Críticas en screener: Kong, la isla Calavera


Kong, la isla Calavera:

   Durante un crucero de placer, en el que el Teniente Coronel Capitán General Jaimito Corcovillas intenta conquistar el corazón de la reportera Edelmira Calambres, el Capitán de navío Gumersindo Paquete avisa del avistamiento de una isla que no aparece en los mapas de navegación, pero que estar ahí, está, porque huele a tres millas de distancia como los sobacos de una tonadillera. Pero como la Calambres es de nariz prieta y no tiene buen olfato, decide que para facilitar la conquista le apetece almorzar en aquel territorio, a ver si ya de paso tiene algo de suerte y pega el braguetazo y le ponen su nombre a la isla, que eso siempre da caché y te pueden sacar en el Hola si te montas un chalecito entre las palmeras.


   Pero al adentrarse en los terrenos que hay más allá de la playa de guijarros negros, con los dos hombres a punto de marearse (que los salva tener la nariz cuarda de espantos de cuando hicieron la mili en Valdebotija y dormían cuarenta y cinco pares de bombas fétidas en un mismo barracón), descubren que el terrenito ya tiene habitantes. Sin ellos saberlo, le están pisando las petunias del jardín al mítico Katakling Kojong, el gorila gigante con la misma mala leche que Risto Mejide cuando le hacen sentar en una silla porque no hay sofá.


   La cosa no tiene buena pinta, porque además del primo negro de Zumosol de Copito de Nieve, resulta que la isla es una especie de singularidad espacio-temporal que si la ve Stephen Hawking se hace pis encima del gustazo, y por allí pululan un montón de bichos que si los pilla James Cámeron lo de Avatar iba a ser una película de Los Pitufos.

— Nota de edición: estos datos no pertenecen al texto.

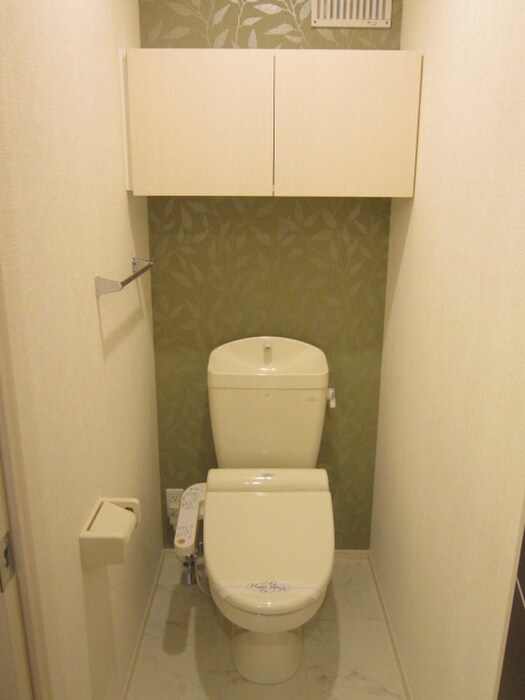 物件内観写真9　(トイレ)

Y claro, como a los bichos las mozas les son entrañables pero los hombres les parecen un postre de los de restaurantes con estrella Michelín, pues se monta la de Dios es Cristo con todos corriendo de acá para allá, salvo la Calambres, que se encariña con el monete y se lo lleva para presentarle a sus padres.
   Porque dinero no tendrá, ni le pondrá la isla a su nombre, pero es que con la tontería la Calambres va a tener que pedir que hagan una extensión al Whatsapp, porque ríete tú de las fotos del negro ese, y claro, ella es todo felicidad.

   A los otros no, a los otros se los comen.


viernes, 3 de marzo de 2017

Críticas en screener: Logan


Logan:

   Lobezno se hace viejo. Bueno, a medias, porque el esqueleto es como el de un T-1000 Premium, y ver la carne humana descomponerse alrededor va a dar más risa que cuando aparece el mismo muerto por decimonovena vez en Walking Dead. Pero vamos, que lo que es el de las garras, envejecer, envejece. Y de una mala baba que parece que le han servido garrafón en vez de Jack Daniels del añejo antes de las doce de la noche. Porque el ser humano en su conjunto es gilipollas, y en lugar de ver lo bueno de los mutantes, se han cepillado a todos menos a él y a su mentor, así, atajando de raíz no sea que alguno salga malo y nos joda la ensalada. Vamos, que no les han puesto en la lista de animales en peligro de extinción, porque total ya para qué, si no quedan más que ellos y no pueden reproducirse…


   Así que nada, ahí que está Logan, malviviendo de ejercer de jardinero privado, como Eduardo Manostijeras, para sacarse unos cuartos intentando que la gente no se entere que sigue vivo. Y además el animalico ha de cuidar del mentalista de la silla de ruedas, que oye, antes al menos la movía con la mente, pero es que ahora es todo el rato “Logan, llévame al baño”, “Lobezno, mira a ese camarero que no me trae la sopa calentita”, y así todos los días a todas horas, con lo que el problema con la ira del protagonista le tiene a puntito de hacer “¡PUM!” como los tubos esos de confeti, que es gracias a que esquilma los parterres haciendo jardinería que no estalla, porque si no, no quedaba humano vivo que se le cruzase que no llevase firma de cortes de garras en las orejas.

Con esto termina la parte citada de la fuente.